Web scraping generically describes any of various means to extract content from a website over HTTP for the purpose of transforming that content into another format suitable for use in another context. You could do it by hand (like copy and pasting text), but it’ll hurt if there are lots of pages. In most cases, you could use a script or a program to do it for you, but that’s quite detectable by most systems since it would result in high traffic coming from an IP address.
It’s rather coincidental since Wired’s latest issue has a great feature entitled “Should Web Giants Let Startups Use the Information They Have About You?“. Rather timely to note how this might be an issue as earlier traditional web service business models collide with Web 2.0 philosophy.
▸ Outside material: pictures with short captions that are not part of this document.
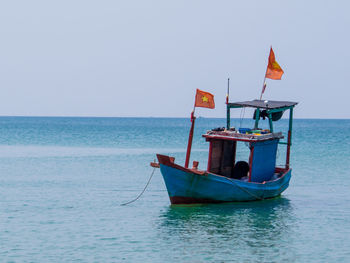 Boat moored in sea against clear sky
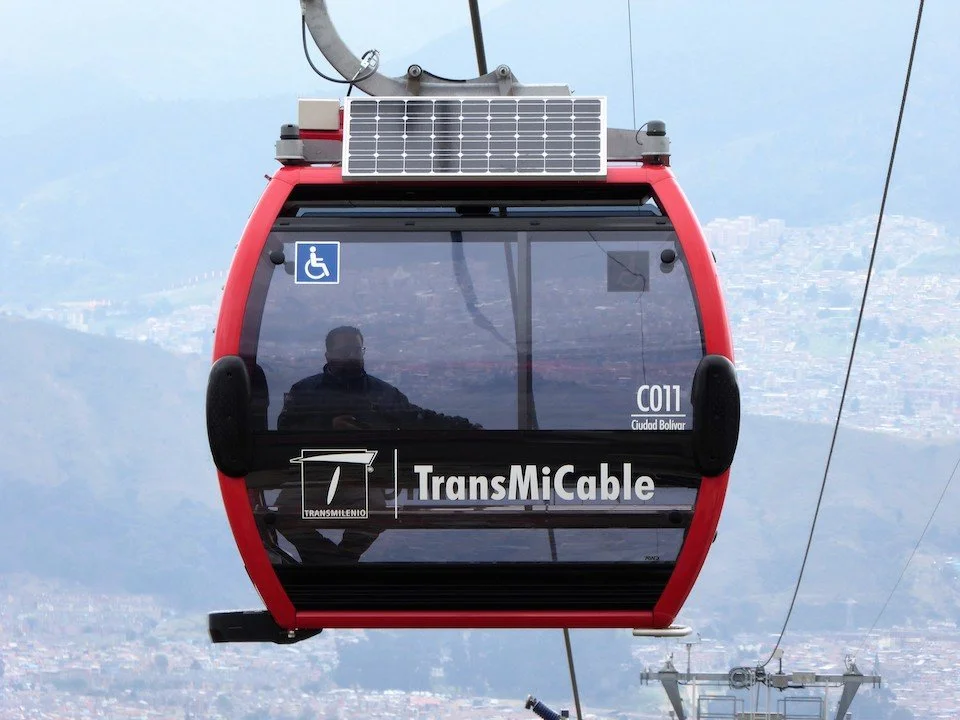 A red cable car with a black window, showing a reflection of a person inside, and a cityscape with mountains in the background. The cable car has a wheelchair accessibility sign and branding for TransMiCable.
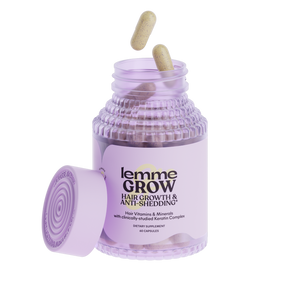 Purple jar of 'lemme Grow' hair growth and anti-shedding supplement with two capsules on a white background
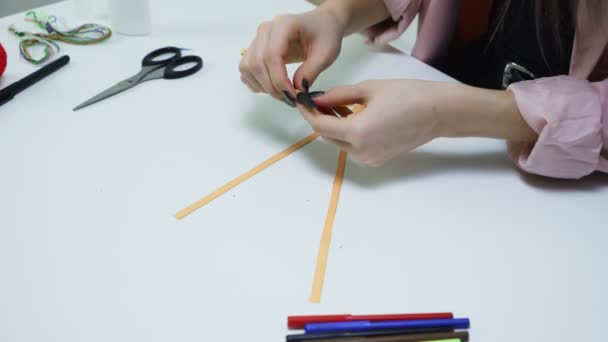 Vista superior de la mujer hace una artesanía de un papel amarillo y pegamento en la mesa en un estudio blanco — Vídeos de Stock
Unfortunately, Facebook isn’t exactly being open with their business. They’re pretty much an old-school business run by persistent and lucky teenagers (remember Facebook’s fumble with Beacon and NewsFeed?).
Desperately hoarding onto your own personal data and telling you how you are allowed to use it is so communist, it’s not even funny (see my “Walled Garden” story).
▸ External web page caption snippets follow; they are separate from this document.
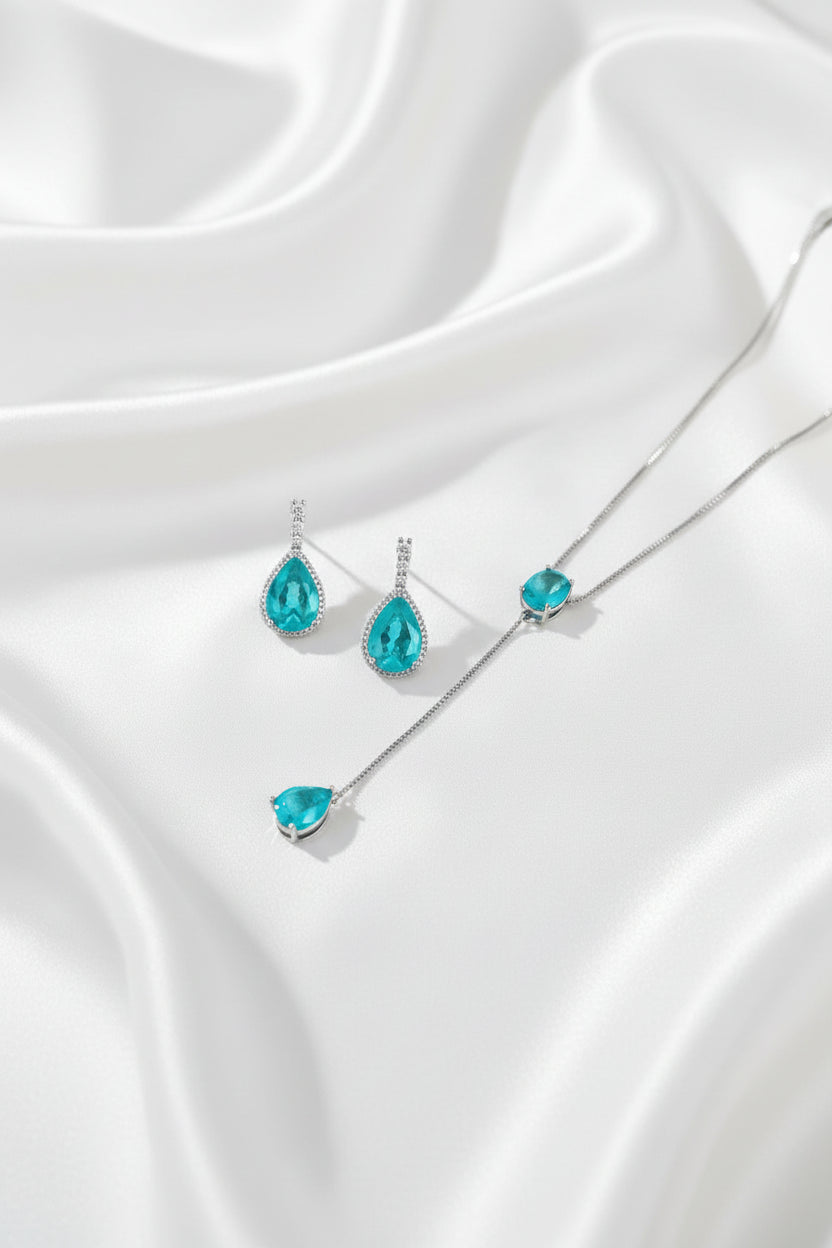 Turquoise teardrop jewelry set on a Vogue magazine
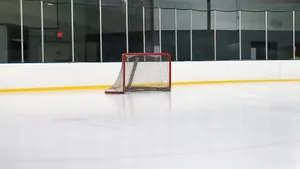 A Serene Ice Rink At Night Wallpaper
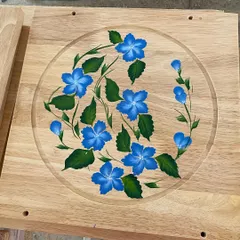 A finished wooden panel featuring delicate blue flowers, ready to be installed as part of the larger ceiling design.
Perhaps this is why Scott Gilbertson of Wired spoke so eloquently on the issue:
[I]n the Facebook world, your data is welcome to come in, but there’s no going out. It turns out Facebook is a bit like the Hotel California: “we are programmed to receive / You can check-out any time you like / But you can never leave!”
Just a word of caution NOT to produce solely on Facebook, but publish widely beyond its walls.
Question: So why are we still hooked on Facebook?
My take: It focuses extremely well on friends and their activities. Unlike typical forums and social networks, Facebook does have a neat balance of personality (internal self) and shared content (external self). It’s a fully identified Internet within an Internet where the norm seems to be of sharing accurate information about oneself, thereby allowing others to find you. For instance, just look at the number of people who disclose actual birthdays… I don’t think that was ever a norm in the past! In turn, Facebook results in having precise demographic data about everyone, perfect for advertisers (try putting up a Facebook ad to see the array of targeting options!). As much as we might hate the Facebook government, the traction we’ve built for ourselves with it (i.e. no. of friends) makes it harder to leave.
Summary: For all it’s insidious worth, Facebook pretty much got this game locked down tight. Heck, the user population growth won’t likely plateau out since there’s always something new; Facebook largely depends on user-generated content (e.g. your posts, photos, videos, apps). Unless Facebook pisses more users off, I don’t think anyone would be the wiser to leave. I guess they’d only open up if it’s their last resort.
Call to Action: If you’re like me, feeling up in arms, perhaps you could consider joining the Data Portability initiative at dataportability.org. They’re about making all forms of personal data discoverable, and shared between our chosen tools or vendors. Yes, we need a DHCP for Identity. ;)
Aside: I’m a huge fan of Plaxo’s contact syncing service, since it helps me keep contacts in my Mac’s address book (and thus iPhone), Gmail, LinkedIn, Yahoo, and many more all in sync. If it detects that any of my contacts is also a Plaxo user (matched via email address), anytime that user makes a change to his contact info, I get the data synced up automatically. It’s clever, and it’s what being Web 2.0 is so all about… transparency between web services. This is the kind of open network I wish to have.